Source data:
::::::::
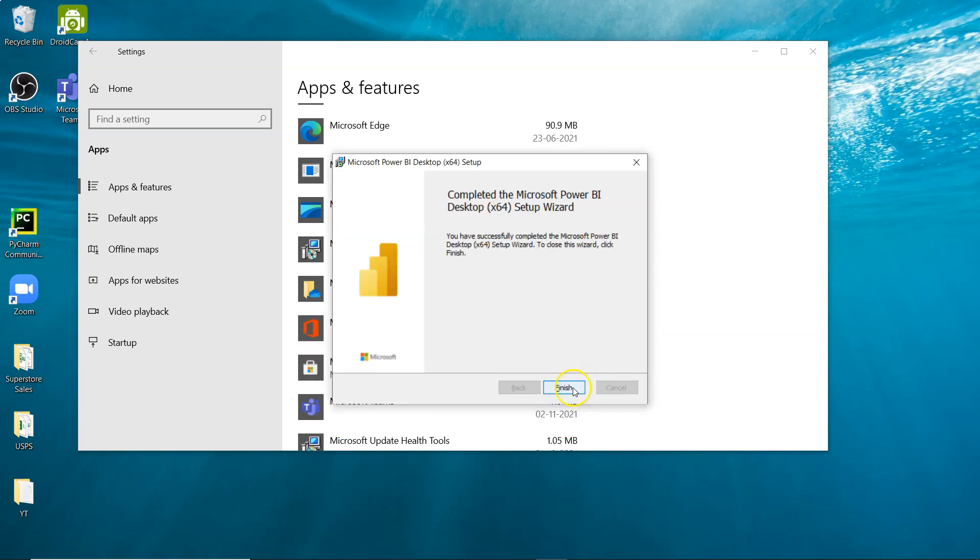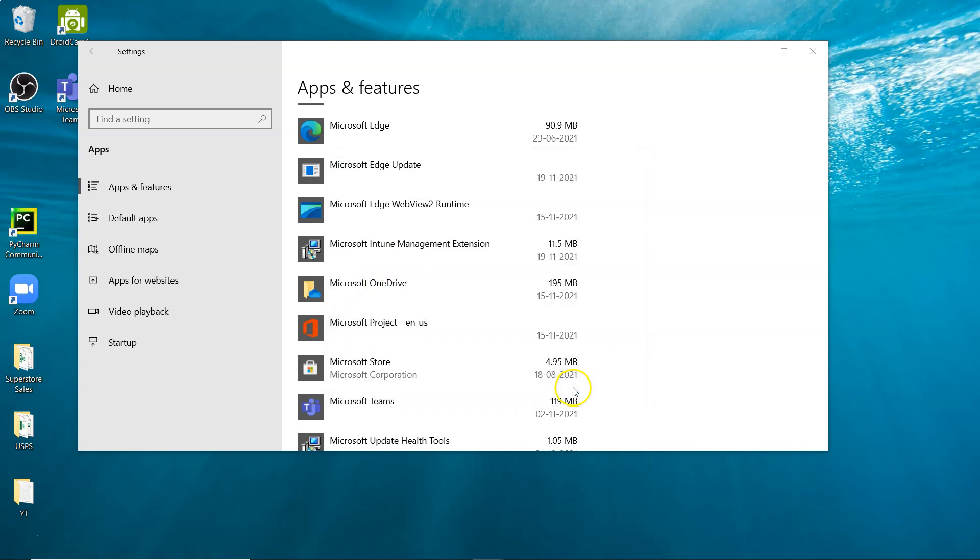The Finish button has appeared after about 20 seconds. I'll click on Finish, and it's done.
::::::::
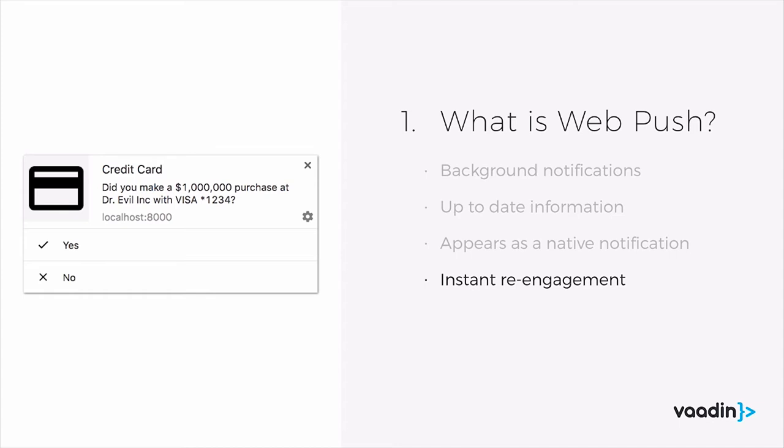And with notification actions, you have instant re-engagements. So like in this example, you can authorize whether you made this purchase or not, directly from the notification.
::::::::
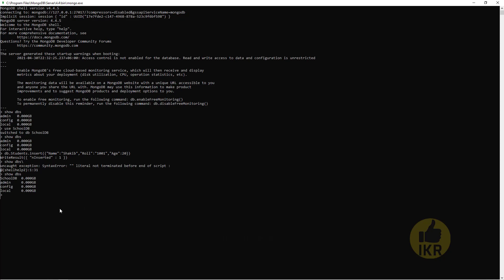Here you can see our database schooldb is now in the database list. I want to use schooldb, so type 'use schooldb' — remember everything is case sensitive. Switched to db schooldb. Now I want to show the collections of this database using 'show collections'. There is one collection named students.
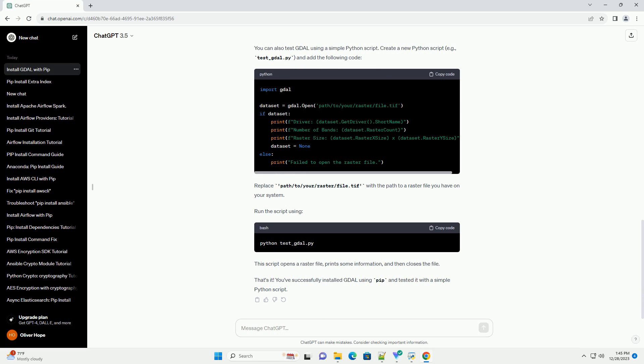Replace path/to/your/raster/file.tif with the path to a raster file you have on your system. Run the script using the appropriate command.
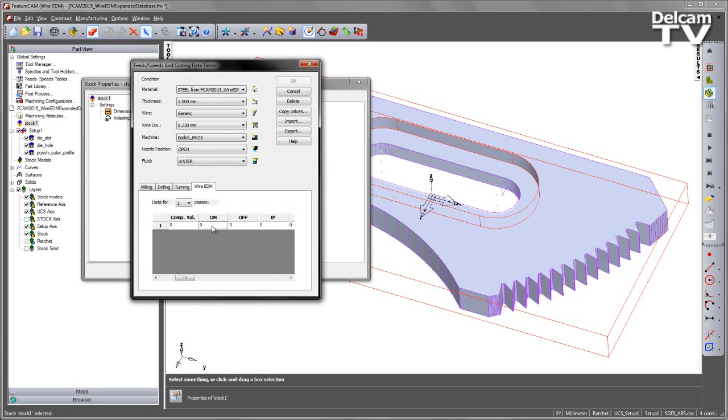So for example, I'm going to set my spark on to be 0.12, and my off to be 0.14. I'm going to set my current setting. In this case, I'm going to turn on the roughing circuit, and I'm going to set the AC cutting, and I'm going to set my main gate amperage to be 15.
::::::::
Work order: Reproduce, exactly and only, the lines of the records above starting at the line with "Replace path/to/your/raster/file.tif with" and ending at the line with "So for example, I'm", both included. Leave every picture out.

Result of this task:
Replace path/to/your/raster/file.tif with the path to a raster file you have on your system. Run the script using the appropriate command.
So for example, I'm going to set my spark on to be 0.12, and my off to be 0.14. I'm going to set my current setting. In this case, I'm going to turn on the roughing circuit, and I'm going to set the AC cutting, and I'm going to set my main gate amperage to be 15.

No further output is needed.